Today, both Russia and the United States possess far less destructive nuclear weapons — they are only a fraction of the power of the Hiroshima bomb, their use perhaps less frightening and more plausible.
Concerns about these smaller weapons have increased as Vladimir V. Putin, in the Ukraine war, has warned of his nuclear powers, has put his atomic forces on alert and has put his military on risky attacks on nuclear power plants. The worry is that if Putin feels cornered into conflict, he might choose to detonate one of his smaller nuclear weapons — breaking a taboo that was established 76 years after Hiroshima and Nagasaki.

Analysts note that Russian forces have long practiced the transition from conventional to nuclear warfare, primarily as a way to win after losing on the battlefield. And the military, they added, which has the world's largest nuclear arsenal, has been exploring various escalation options that Putin might choose.
“The chances are small but increasing,” said Ulrich Kühn, a nuclear expert at the University of Hamburg and the Carnegie Endowment for International Peace. “War is not going well for Russia,” he said, “and pressure from the West is increasing.”

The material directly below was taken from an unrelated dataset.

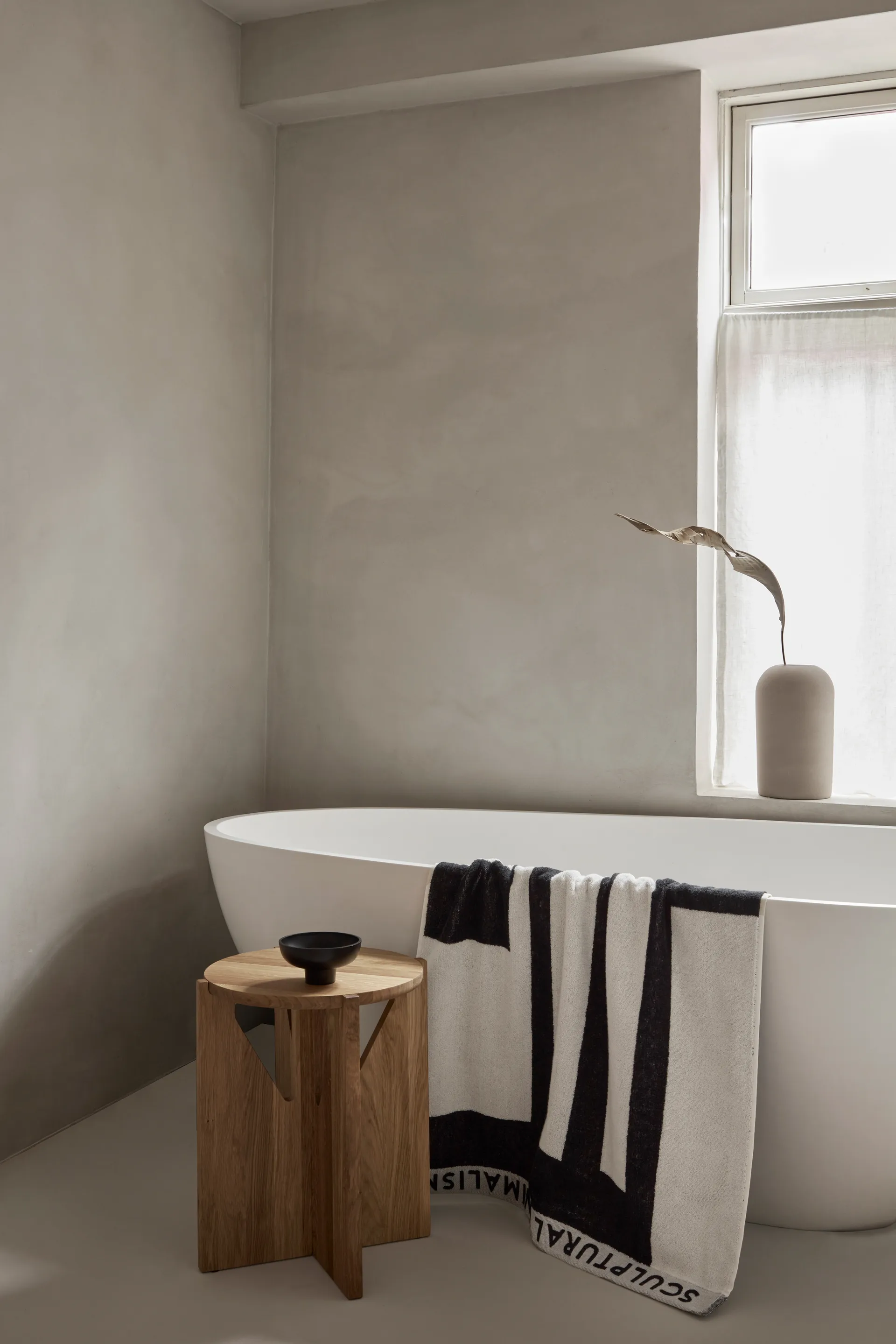 Simple 圆凳 Ø36cm, 暖色调涂漆橡木 Kristina Dam Studio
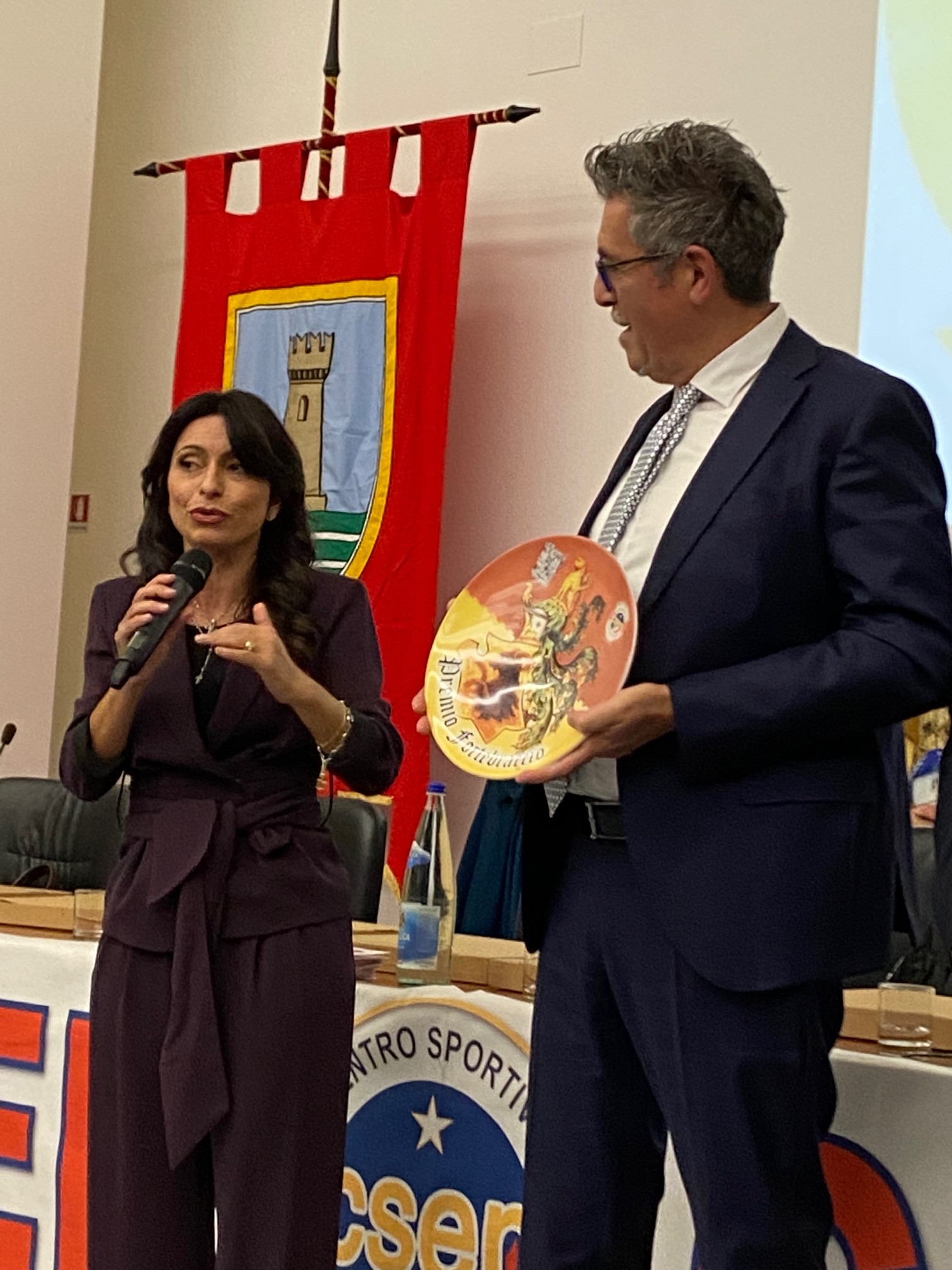 PREMIO2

Putin may have fired weapons at uninhabited areas, not troops, said Dr. Kuhn. In a 2018 study, he outlined a crisis scenario in which Moscow detonated a bomb in a remote part of the North Sea as a way of signaling an impending deadly attack. "It feels terrible to talk about these things," said Dr. Kühn in an interview. "But we have to consider that this is a possibility."

Washington expects more atomic moves from Putin in the days to come. Moscow will likely “increase its reliance on its nuclear deterrent to signal to the West and project power” as war and its consequences weaken Russia, Lieutenant General Scott D. Berrier, director of the Defense Intelligence Service, told House Armed Services.